Kanthasamy (K) is a Sri Lankan Tamil from the North of Sri Lanka who had been detained and questioned by the army and police there. When he was released the family sent him to be with his uncle in Canada. Canada did not recognize him as a refugee and he faced deportation. He applied to remain in Canada on humanitarian grounds, H&C, with evidence of Post Traumatic Stress Disorder, PTSD. A government official has discretion in making an H&C decision on the factors put before her to allow a person to remain in Canada. When successful, this ends the need for deportation. The official found there was not enough to warrant K’s remaining on H&C grounds. The Federal Court, on judicial review, agreed. The Federal Court of Appeal, on judicial review, agreed.

A majority of Supreme Court judges, five, found that the official had applied the H&C Guidelines in too literal a manner that was inconsistent with the intent of the provision in the law. A flexible equitable application was called for. Since K was 17 he was technically a child and the principle of the best interests of the child applied. These five judges found that the best interests of a child should take a central place so that if these are not sufficiently considered, an H&C decision will be unreasonable. These judges noted that deportation personally affects a child and because children will rarely if ever be deserving of any hardship, the concept of “unusual or undeserved hardship” is “presumptively inapplicable.” The officer had failed to consider K’s circumstances as a whole and took a narrow approach to assess the circumstances. She failed to consider his youth, his mental health and the discrimination he would suffer. She had found the psychiatrist’s evidence rested on hearsay because the professional had not directly experienced the circumstances. The five Supreme Court judges noted that health professionals in Canada had to work within such constraints. So the case goes back for another of these officials to consider the evidence – onto something I call the judicial review treadmill!
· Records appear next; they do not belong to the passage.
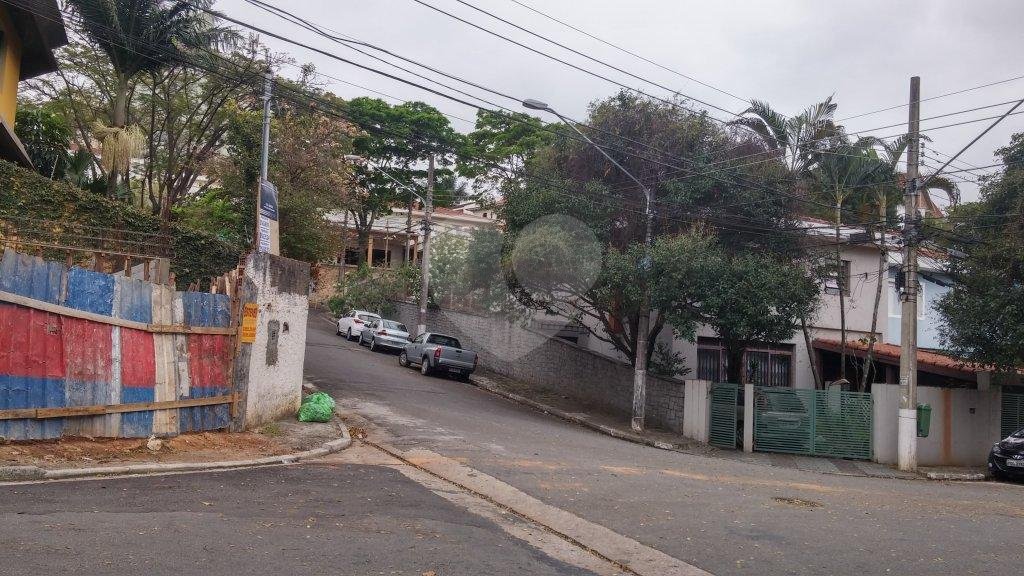 Sobrado à venda com 3 quartos, sendo 1 suíte, em Jardim Franca, São Paulo, SP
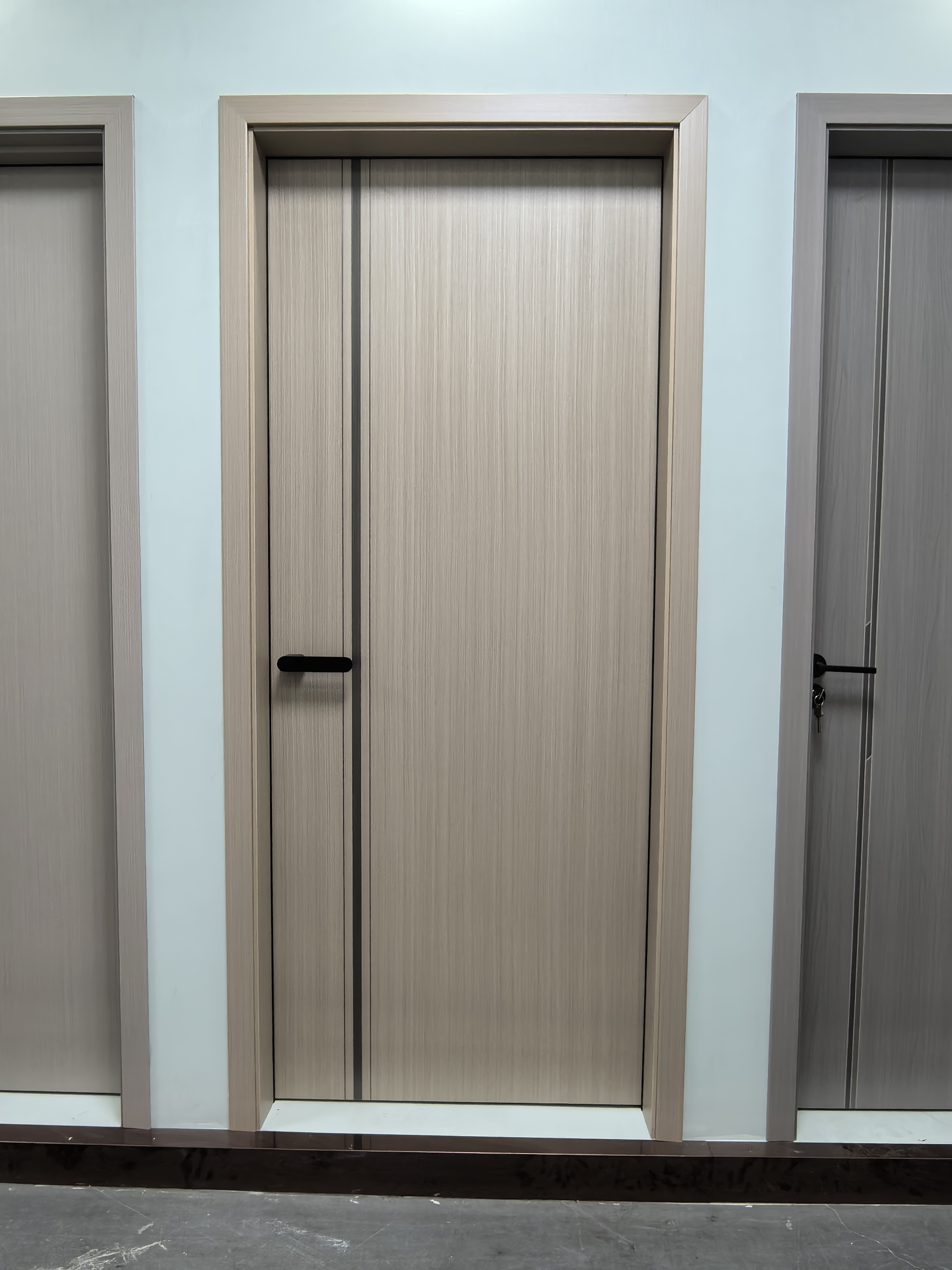 家装极简轻奢风格卧室门爱林堡实木复合免漆套装门定制碳晶木门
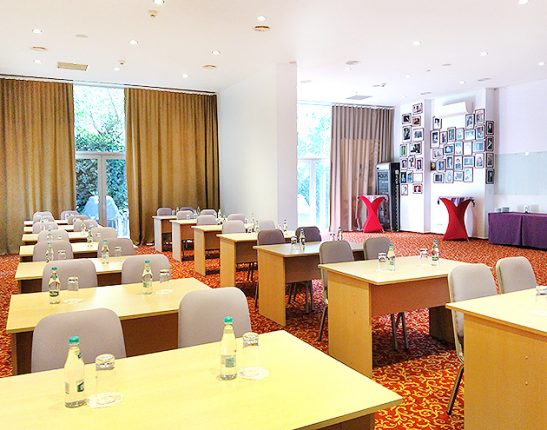 Sala-Safir-06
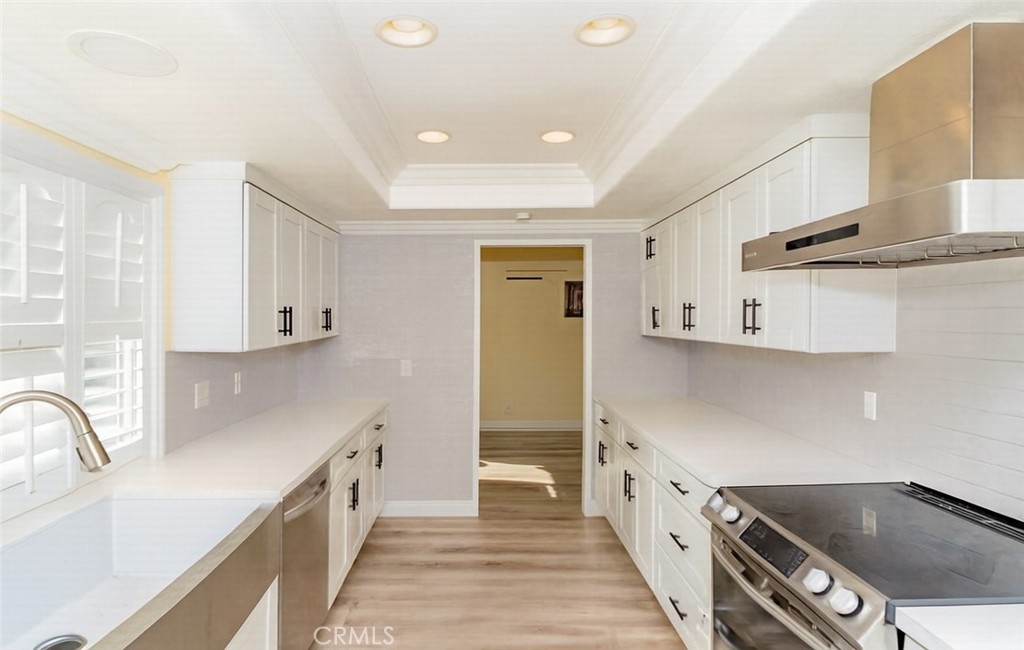 2860 East Hempstead Road Anaheim, CA 92806 - Photo 7 of 25 Kitchen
A minority of two judges disagreed. They said that while the official’s reasons could have engaged more fully with the psychological evidence and while it would have been helpful had she specifically addressed the issue of the impact of removal on K’s mental health, her failure to do so does not render her decision unreasonable. The risk has to be personal and the official’s conclusion that K had failed to provide sufficient evidence to support his statements that he would be personally discriminated against was reasonable. The consideration of best interests of the child was also reasonable. K was one day from turning 18 when he applied for H&C relief and was a teenager on the verge of adulthood. Removal to Sri Lanka would not impair K’s best interests because he would be returning to his immediate family rather than being separated from them. Decision-making under this section of the law is highly discretionary and is entitled to deference. “… [T]his Court has no license to find an officer’s decision unreasonable simply because it would itself have come to a different result…”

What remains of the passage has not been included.